**REQUIRED ACTION**
Could you output each line below precisely as it stands, without the images?

**PROVIDED DATA**
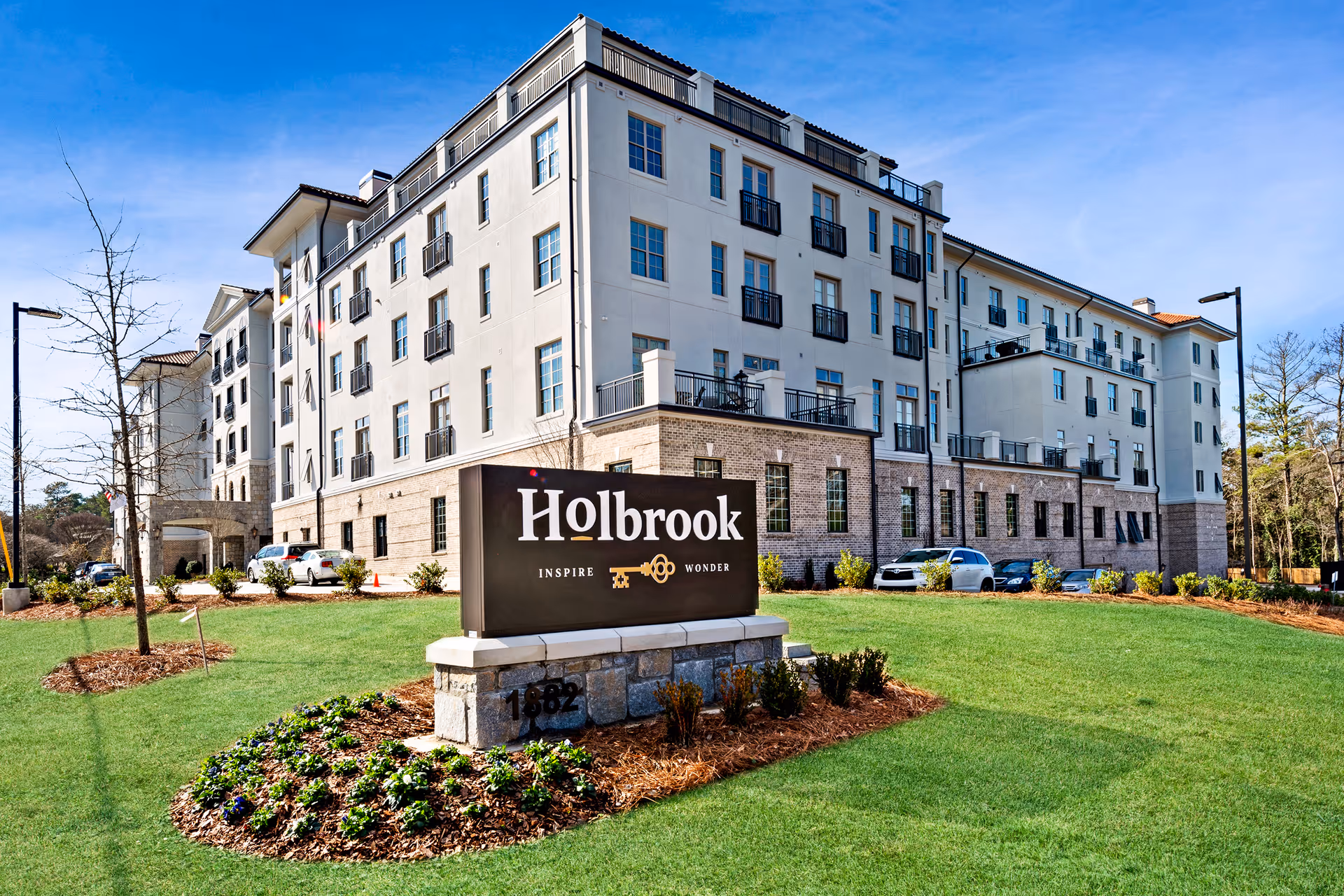 Exterior view of Holbrook Decatur senior living building with a front sign and green lawn.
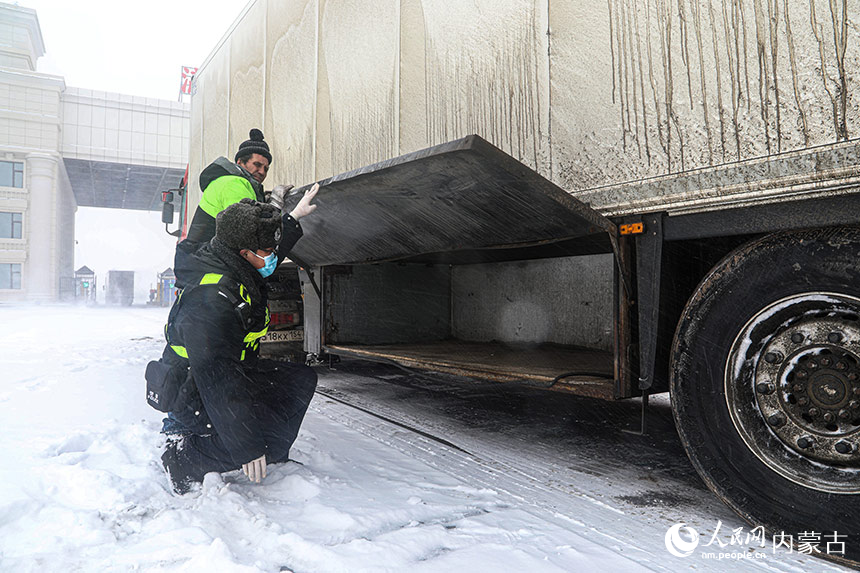 满洲里边检站民警顶风冒雪执行货车监护任务。李发春摄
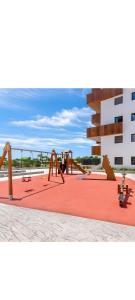 a rendering of a playground with benches and a building at Adhara lll in Torre del Mar
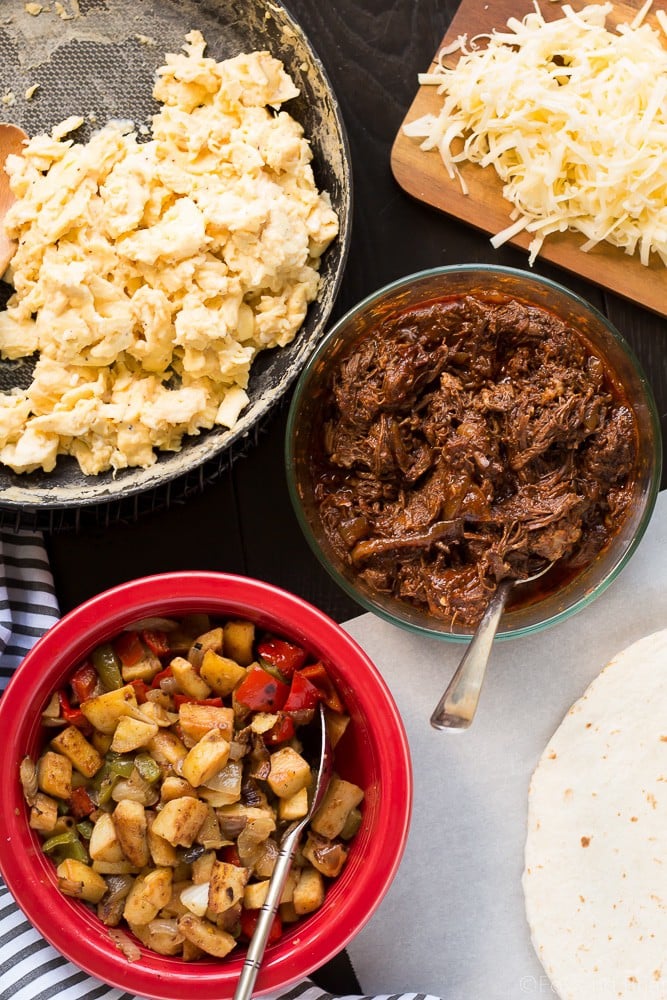 These Make Ahead Beef Breakfast Burritos are freezer friendly! Using tender, slow cooker shredded beef, breakfast potatoes, eggs and cheese, they can be made ahead of time and frozen. Just reheat them in the morning for a quick and hearty breakfast! #sponsored #WABeefLove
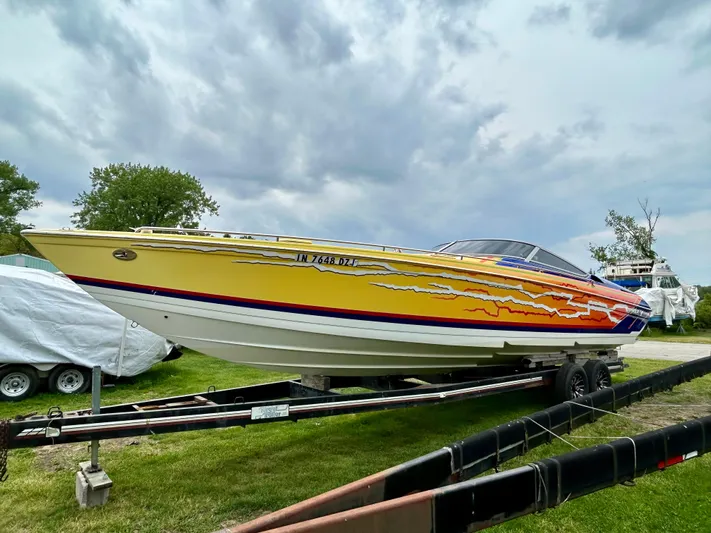  Yacht Photos Pics 2008 Formula 353 FASTech speedboat with vibrant graphics on a trailer, under cloudy skies.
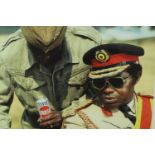 Idi Amin, photographic portrait. Amin was the third president of Uganda from 1971 to 1979. Signed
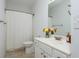 Bright bathroom featuring white cabinets, granite countertops, and a shower with a white curtain at 133 Newcastle Walk, Woodstock, GA 30188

**SOLUTION BELOW**
 Exterior view of Holbrook Decatur senior living building with a front sign and green lawn.
 满洲里边检站民警顶风冒雪执行货车监护任务。李发春摄
 a rendering of a playground with benches and a building at Adhara lll in Torre del Mar
 These Make Ahead Beef Breakfast Burritos are freezer friendly! Using tender, slow cooker shredded beef, breakfast potatoes, eggs and cheese, they can be made ahead of time and frozen. Just reheat them in the morning for a quick and hearty breakfast! #sponsored #WABeefLove
  Yacht Photos Pics 2008 Formula 353 FASTech speedboat with vibrant graphics on a trailer, under cloudy skies.
 Idi Amin, photographic portrait. Amin was the third president of Uganda from 1971 to 1979. Signed
 Bright bathroom featuring white cabinets, granite countertops, and a shower with a white curtain at 133 Newcastle Walk, Woodstock, GA 30188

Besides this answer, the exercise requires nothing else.